RESULTS OF OPERATIONS

Revenue

            The Company had $5.9 million and $13.0 million of revenue for the
three month and six month periods ended June 30, 1998 as compared to $10.0
million and $22.4 million for the same periods in 1997. The revenues recognized
in 1998 and 1997 were related to the Company's Collaboration Agreement dated as
of June 20, 1995 (the "Collaboration Agreement") with LifeScan, Inc., a wholly
owned subsidiary of Johnson & Johnson (hereinafter referred to as Johnson &
Johnson). Revenues in 1998 were comprised of Johnson & Johnson's reimbursement
of its one-half share of pramlintide development expenses incurred by Amylin
during the first six months of the year. Revenues in the first half of 1997 were
comprised of Johnson & Johnson's reimbursement of its one-half share of
pramlintide development expenses incurred by Amylin, as well as a $6.0 million
option fee payment made by Johnson & Johnson in the first quarter and a $3.0
million option fee payment made by Johnson & Johnson in the second quarter.


Operating Expenses

            The Company's total operating expenses for the quarter ended June
30, 1998 decreased to $17.6 million from $21.0 million for the same period in
1997. For the six months ended June 30, 1998, operating expenses decreased to
$38.7 million from $40.4 million for the same period in 1997.

            Research and development expenses decreased to $14.2 million for the
three months ended June 30, 1998 as compared to $17.7 million for the same
period in 1997. Research and development expenses for the six months ended June
30, 1998 decreased to $32.4 million from $34.2 million for the same period in
1997. The decrease in these expenditures was primarily due to lower product
development expenditures and reduced spending on the Company's non-pramlintide
research programs. On a year to date basis, spending on 


<PAGE>   10
the Company's pramlintide clinical trials was slightly higher in 1998 than the
costs incurred in 1997 for these activities.
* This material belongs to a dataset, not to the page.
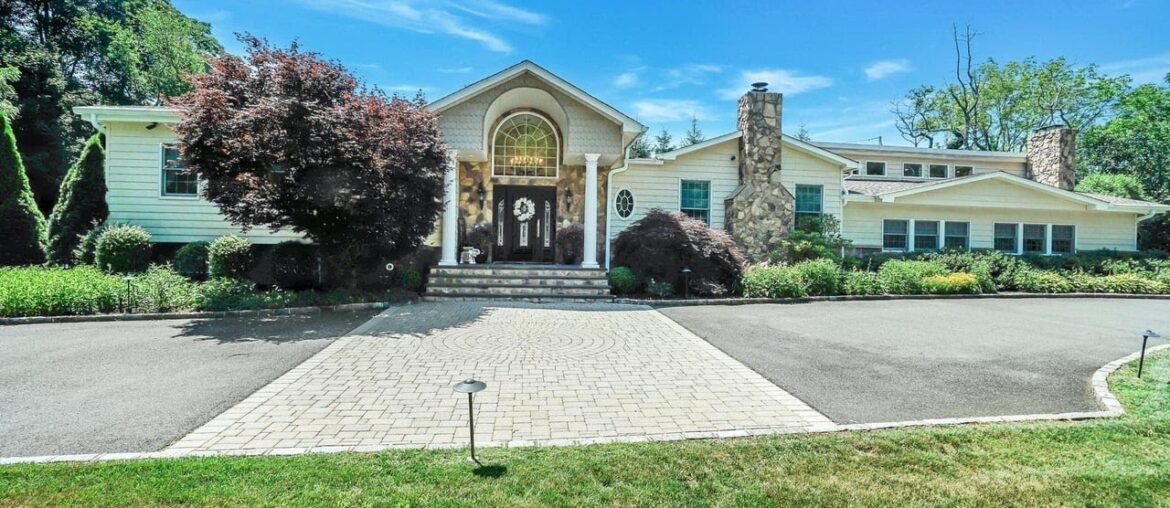 1 Eastview Ln, Old Brookville, NY 1 Eastview Ln, Old Brookville, NY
            General and administrative expenses were $3.4 million for the three
months ended June 30, 1998 as well as for the same period in 1997. General and
administrative expenses for the quarter ended June 30, 1998, included however, a
one time deferred compensation charge. The deferred compensation expense
incurred was a non-cash expense of slightly more than $0.3 million which was
recognized as the result of stock option grants. General and administrative
expenses for the six months ended June 30, 1998 increased slightly to $6.3
million from $6.2 million for the same period in 1997, including the one time
non-cash deferred compensation charge.


Other Income and Expense

            Interest and other income is principally comprised of interest
income from investment of the Company's cash reserves. Interest and other income
was $0.3 million for the quarter ended June 30, 1998 as compared to $0.7 million
for the same period in 1997. Interest and other income decreased to $0.8 million
for the six months ended June 30, 1998 from $1.3 million for the same period in
1997. The decrease in interest and other income was primarily due to lower
average cash reserves available for investment for the three months and six
months ended June 30, 1998 as compared to the same periods in 1997.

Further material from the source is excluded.